TASK STATEMENT: Among the records below, find the line with "2023 Ford Bronco" and the line with "CHO THUÊ MẶT". Set down both and every line between, exactly and with no pictures, but nothing else.

**** LISTED RECORDS

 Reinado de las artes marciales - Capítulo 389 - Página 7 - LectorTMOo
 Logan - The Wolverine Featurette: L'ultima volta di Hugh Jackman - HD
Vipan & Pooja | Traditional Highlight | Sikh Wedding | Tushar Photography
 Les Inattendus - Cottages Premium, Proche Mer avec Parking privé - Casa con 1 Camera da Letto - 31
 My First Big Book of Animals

********
**** LISTED RECORDS

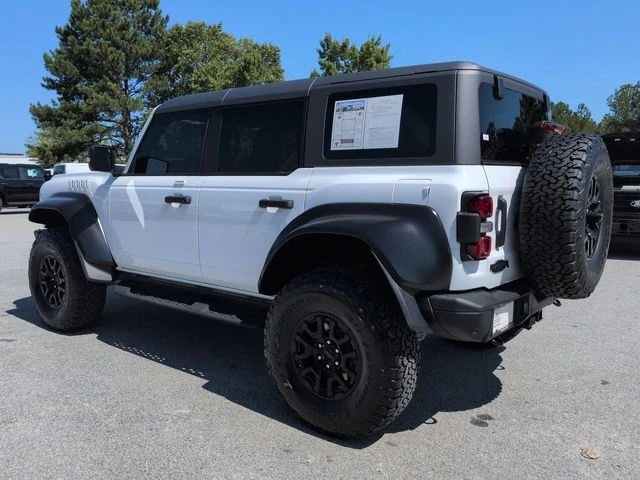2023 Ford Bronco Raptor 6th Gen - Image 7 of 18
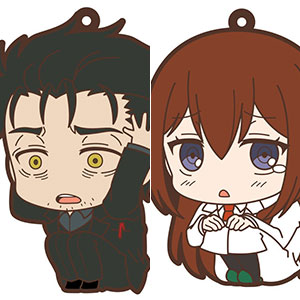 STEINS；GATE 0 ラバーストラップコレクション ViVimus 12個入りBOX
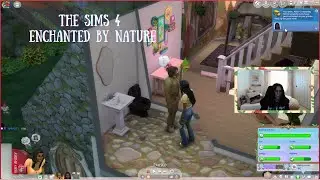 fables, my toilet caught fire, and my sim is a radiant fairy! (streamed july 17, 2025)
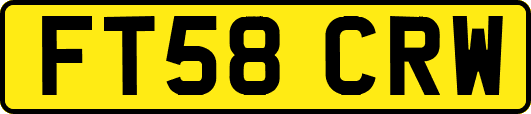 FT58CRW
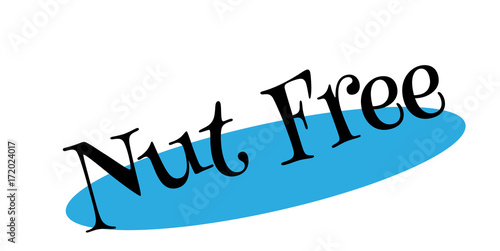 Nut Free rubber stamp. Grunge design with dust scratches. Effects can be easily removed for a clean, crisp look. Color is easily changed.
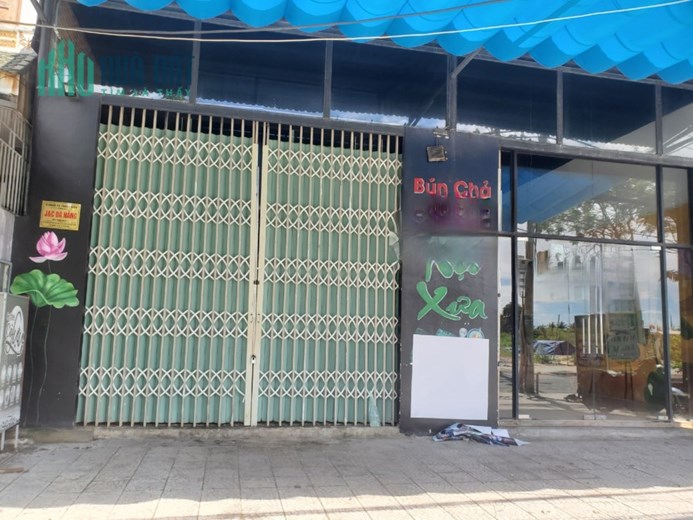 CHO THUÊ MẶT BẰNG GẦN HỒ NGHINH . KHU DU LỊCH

********

TASK RESPONSE:
2023 Ford Bronco Raptor 6th Gen - Image 7 of 18
 STEINS；GATE 0 ラバーストラップコレクション ViVimus 12個入りBOX
 fables, my toilet caught fire, and my sim is a radiant fairy! (streamed july 17, 2025)
 FT58CRW
 Nut Free rubber stamp. Grunge design with dust scratches. Effects can be easily removed for a clean, crisp look. Color is easily changed.
 CHO THUÊ MẶT BẰNG GẦN HỒ NGHINH . KHU DU LỊCH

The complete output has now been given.